**Aim of the exercise:**
The records below are to be reproduced exactly, with every picture left out.

^^^^

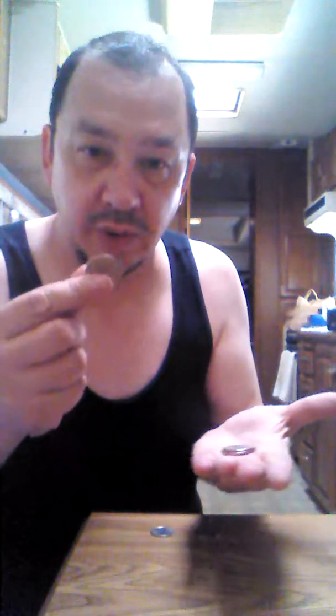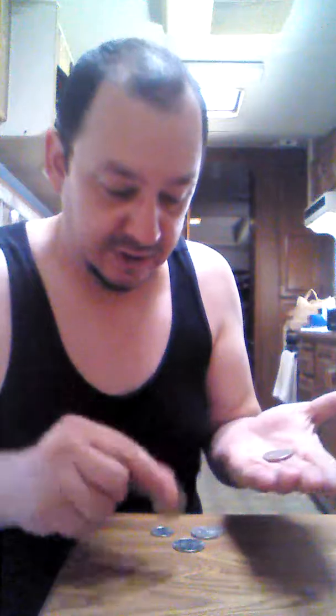So now we have a dime, a quarter, and a 50-cent piece. What's really interesting about that is, if I place the dime back in the hand like this, I end up with another 50-cent piece, another 50-cent piece, and another 50-cent piece.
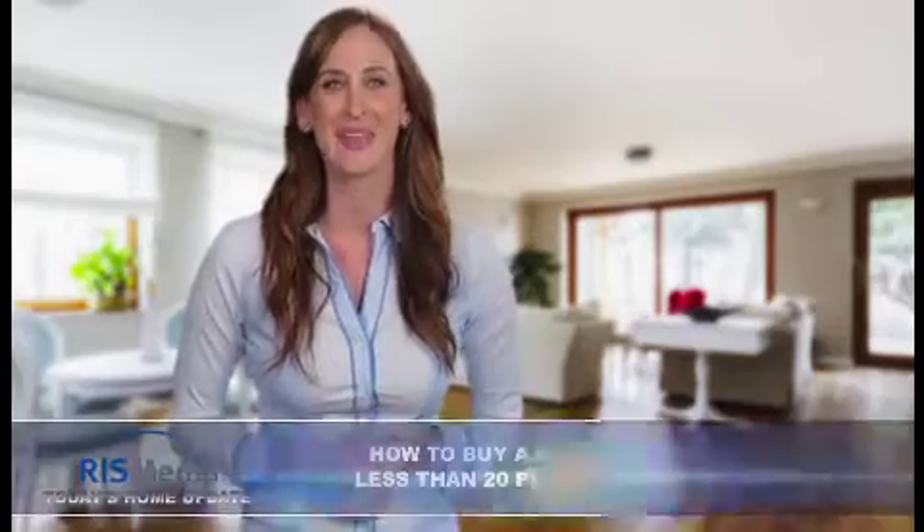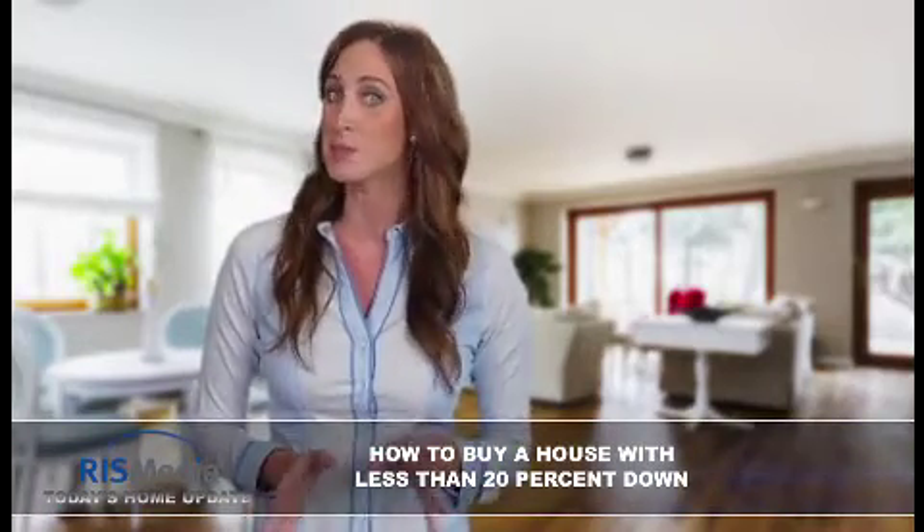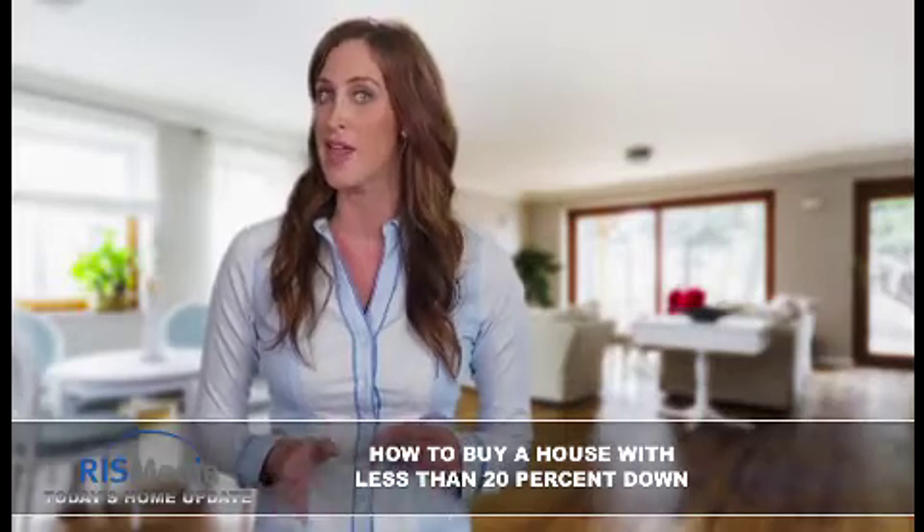Welcome to today's home update. I'm Keri. When many people start the process of buying a house, they assume putting 20% down is required. However, this is not always the case.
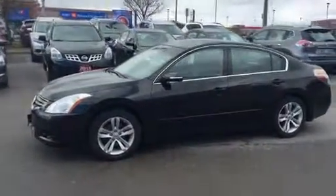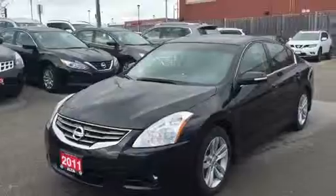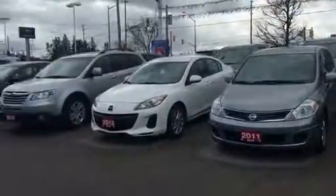If for any reason this 2011 Altima does not work out for you, we have tons of other pre-owned sedans for you, starting as low as $8,957.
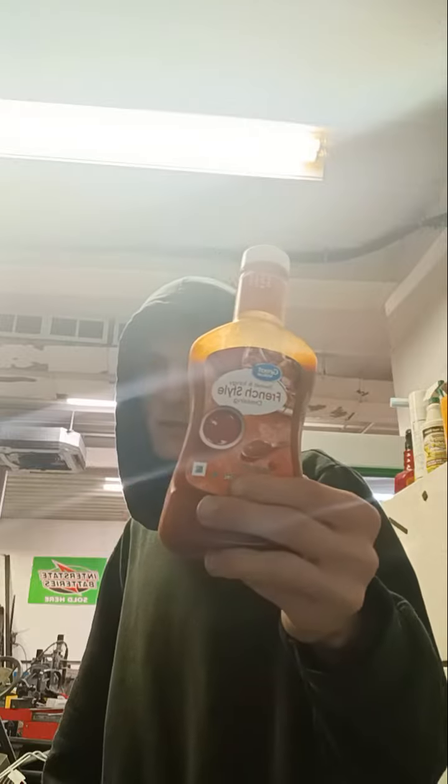So here's a French dress. This is a great life — a sweet and French style dress.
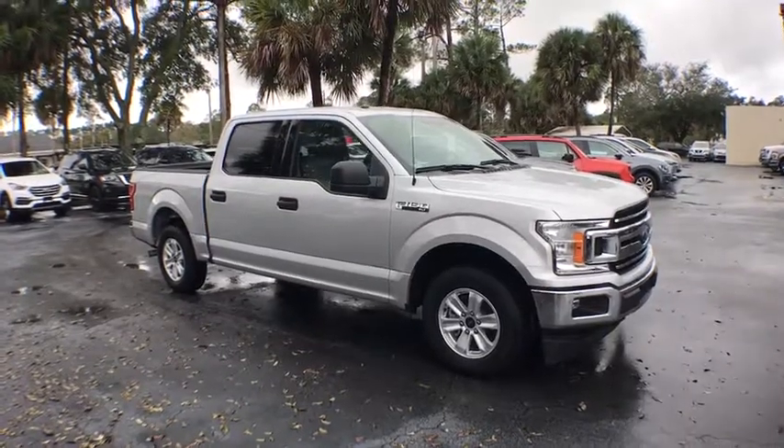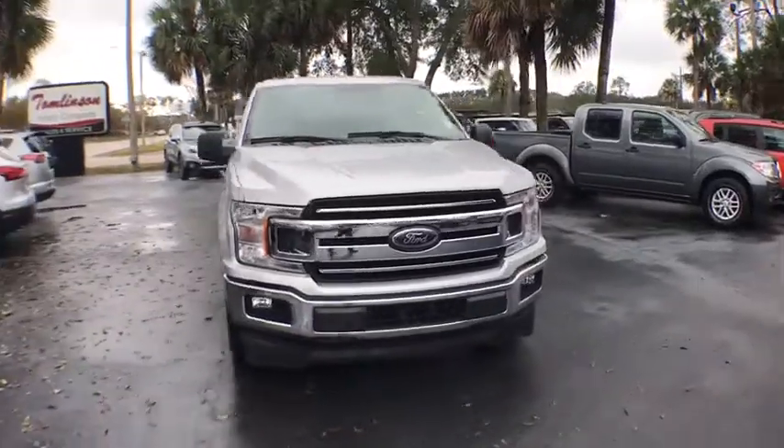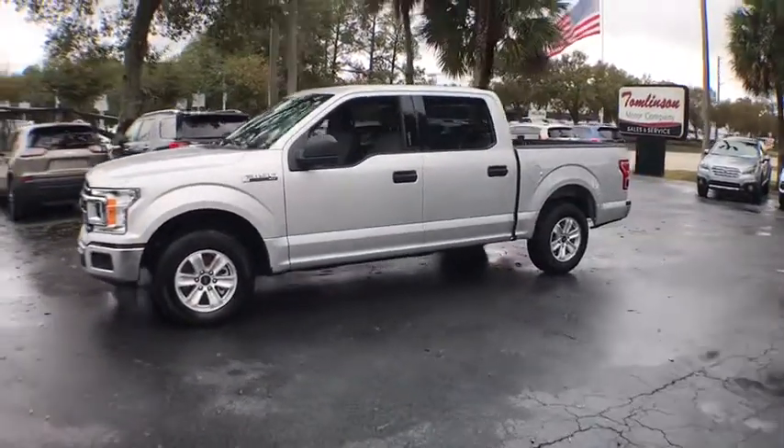2018 Ford F-150. A Ford F-150 knows how to handle any situation. It's built to follow orders. No whining. This vehicle has less than 20,000 miles.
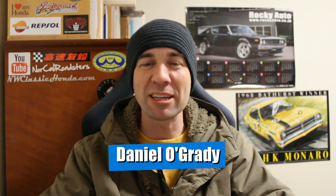G'day everyone, Daniel O'Grady here and welcome to another Wasabi Cars video. Thank you all very much for joining me, I hope you're all well.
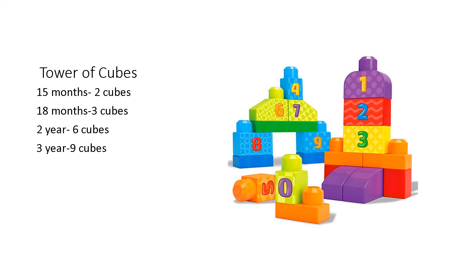The tower of cubes — a child's development is also assessed by the making of a tower of cubes. At 15 months, the child is able to build around 2 cubes. At 18 months, around 3 cubes. At 2 years, 6 cubes. At 3 years, 9 cubes. Building cubes is a developmental assessment in the growing child, and you can always hand a cube building toy to the child.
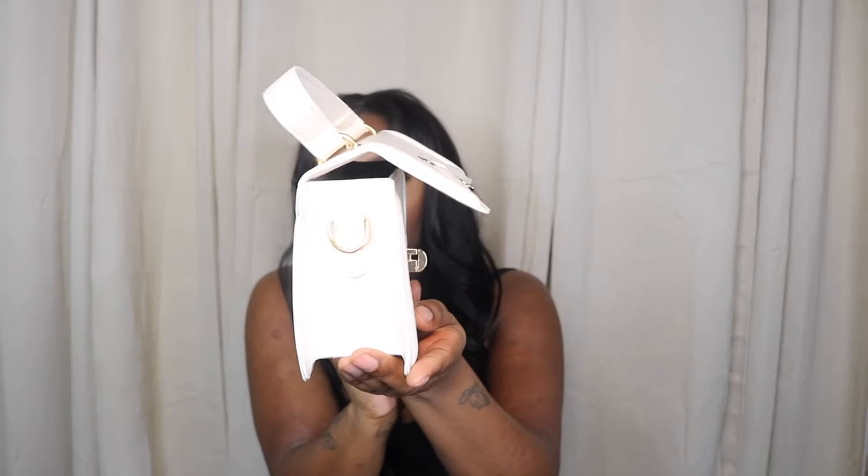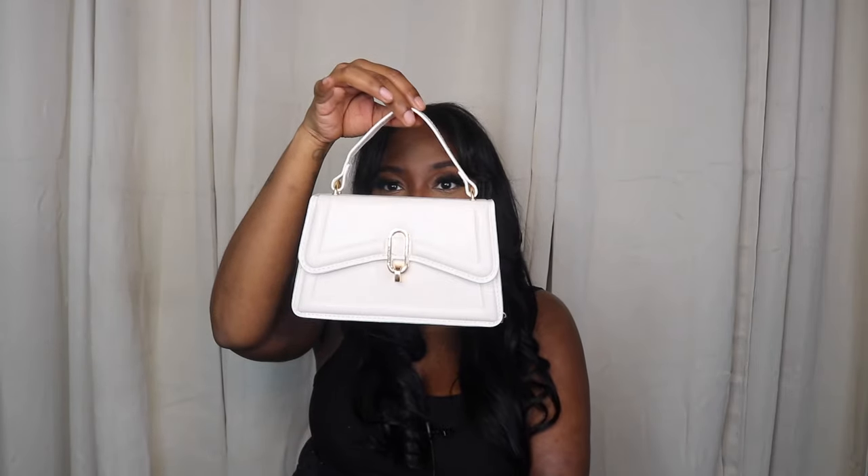Our next bag — cute, right? I was in need of a white or cream bag and I thought this was so cute. She comes with straps as well and they attach on the side. No pockets on the inside, but just to go out with your girlfriends or for date night, this is a cute little purse. She was only $9.74.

^^^^

**Task solution:**
So now we have a dime, a quarter, and a 50-cent piece. What's really interesting about that is, if I place the dime back in the hand like this, I end up with another 50-cent piece, another 50-cent piece, and another 50-cent piece.
Welcome to today's home update. I'm Keri. When many people start the process of buying a house, they assume putting 20% down is required. However, this is not always the case.
If for any reason this 2011 Altima does not work out for you, we have tons of other pre-owned sedans for you, starting as low as $8,957.
So here's a French dress. This is a great life — a sweet and French style dress.
2018 Ford F-150. A Ford F-150 knows how to handle any situation. It's built to follow orders. No whining. This vehicle has less than 20,000 miles.
G'day everyone, Daniel O'Grady here and welcome to another Wasabi Cars video. Thank you all very much for joining me, I hope you're all well.
The tower of cubes — a child's development is also assessed by the making of a tower of cubes. At 15 months, the child is able to build around 2 cubes. At 18 months, around 3 cubes. At 2 years, 6 cubes. At 3 years, 9 cubes. Building cubes is a developmental assessment in the growing child, and you can always hand a cube building toy to the child.
Our next bag — cute, right? I was in need of a white or cream bag and I thought this was so cute. She comes with straps as well and they attach on the side. No pockets on the inside, but just to go out with your girlfriends or for date night, this is a cute little purse. She was only $9.74.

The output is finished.